■ Material shown ■
────────────────────

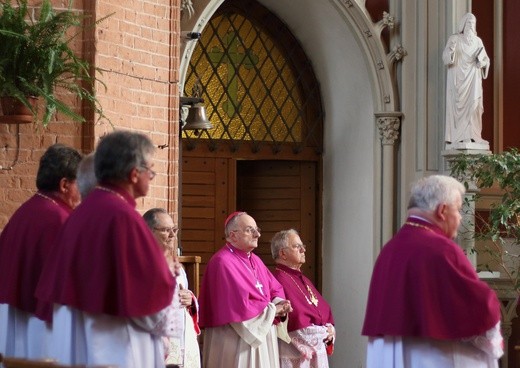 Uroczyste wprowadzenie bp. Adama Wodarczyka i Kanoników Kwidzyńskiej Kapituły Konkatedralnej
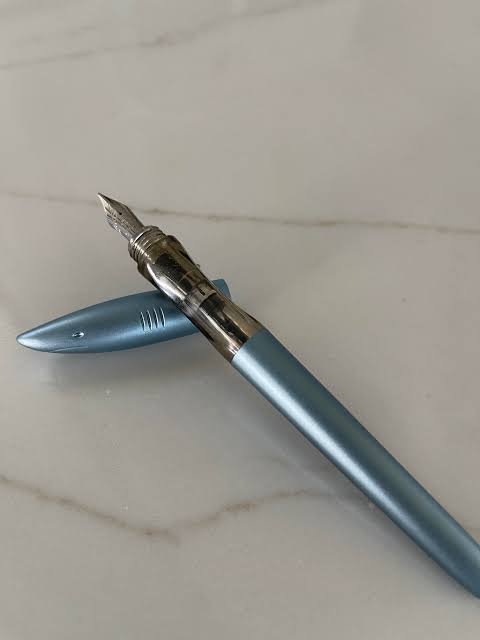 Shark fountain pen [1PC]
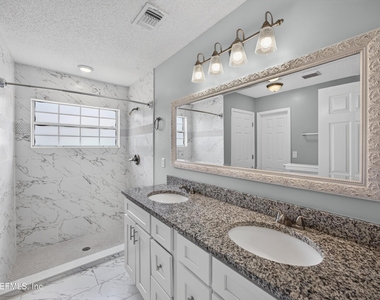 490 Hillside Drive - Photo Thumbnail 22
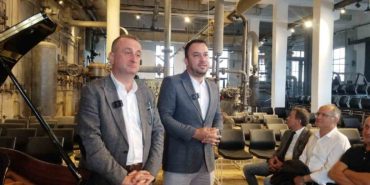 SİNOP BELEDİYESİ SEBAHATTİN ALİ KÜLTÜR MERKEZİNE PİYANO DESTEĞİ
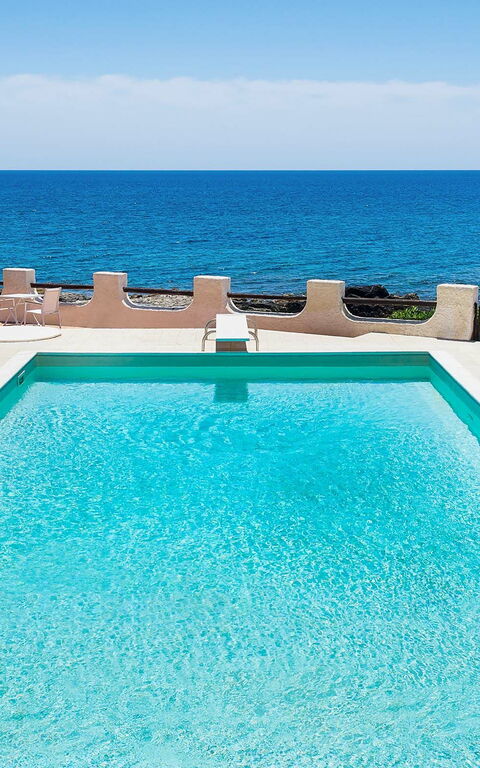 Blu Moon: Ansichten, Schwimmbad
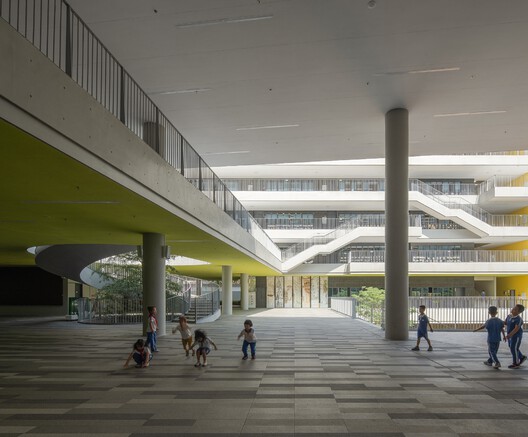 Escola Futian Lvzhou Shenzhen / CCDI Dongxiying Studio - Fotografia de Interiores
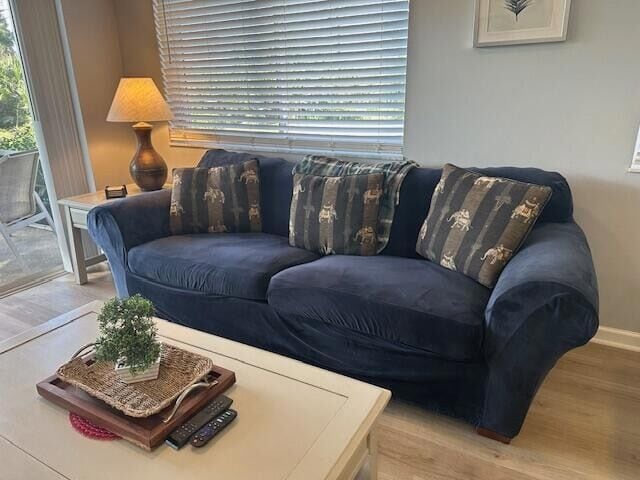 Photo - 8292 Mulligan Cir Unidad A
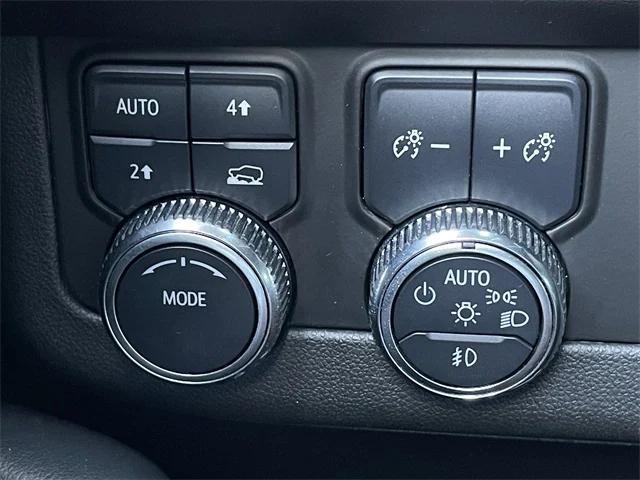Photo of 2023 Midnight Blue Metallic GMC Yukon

────────────────────

■ Activity ■
Retyping should start at the first line of the data above and stop after the line with "Blu Moon: Ansichten, Schwimmbad", and no picture should be included.

■ Response ■
 Uroczyste wprowadzenie bp. Adama Wodarczyka i Kanoników Kwidzyńskiej Kapituły Konkatedralnej
 Shark fountain pen [1PC]
 490 Hillside Drive - Photo Thumbnail 22
 SİNOP BELEDİYESİ SEBAHATTİN ALİ KÜLTÜR MERKEZİNE PİYANO DESTEĞİ
 Blu Moon: Ansichten, Schwimmbad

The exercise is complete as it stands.